---------- EXERCISE DATA

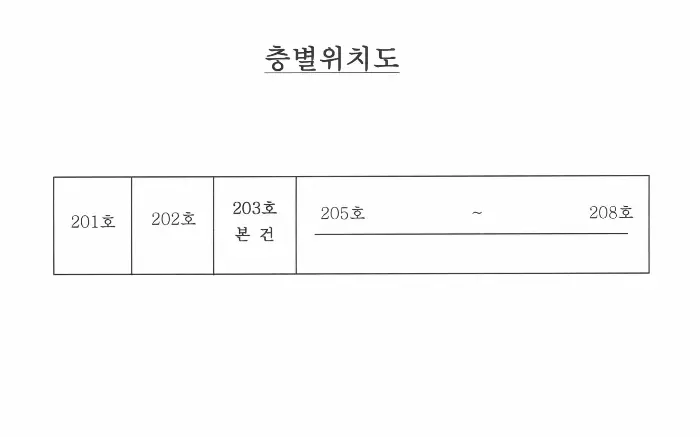 물건 사진 4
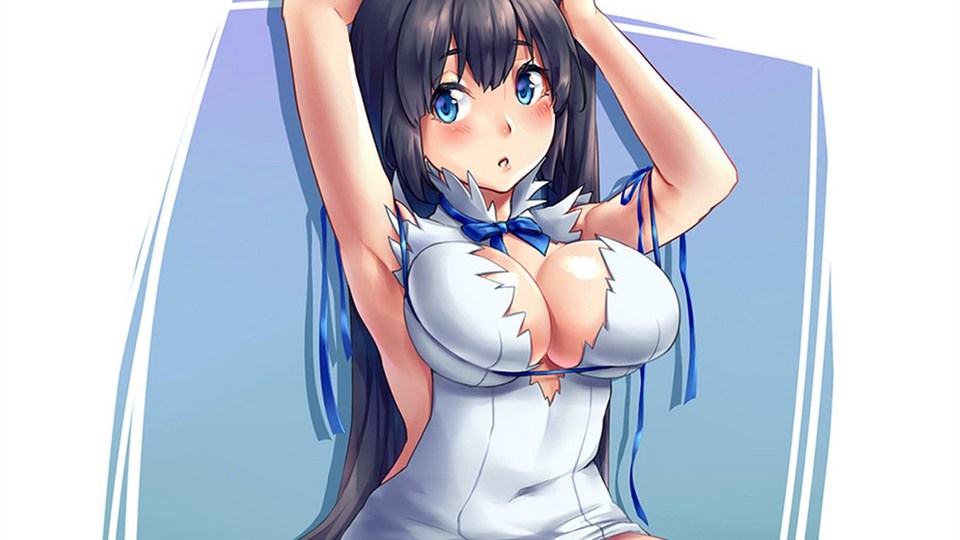 妈妈的巨乳让别人玩：朋友的巨乳教师妈妈 21(5)(点击浏览下一张趣图)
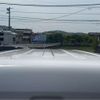 mitsubishi minicab-van 2025 -MITSUBISHI 【岡山 480ﾜ3834】--Minicab Van DS17V--DS17V-891684---MITSUBISHI 【岡山 480ﾜ3834】--Minicab Van DS17V--DS17V-891684- image 4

--------------------

**EXERCISE INSTRUCTIONS**
Reproduce nothing but the lines from the line containing "妈妈的巨乳让别人玩：朋友的巨乳教师妈妈 21(5)(点击浏览下一张趣图)" through the last line of the data above, exactly as written and without pictures.

**OUTPUT FOR THIS EXERCISE**
 妈妈的巨乳让别人玩：朋友的巨乳教师妈妈 21(5)(点击浏览下一张趣图)
 mitsubishi minicab-van 2025 -MITSUBISHI 【岡山 480ﾜ3834】--Minicab Van DS17V--DS17V-891684---MITSUBISHI 【岡山 480ﾜ3834】--Minicab Van DS17V--DS17V-891684- image 4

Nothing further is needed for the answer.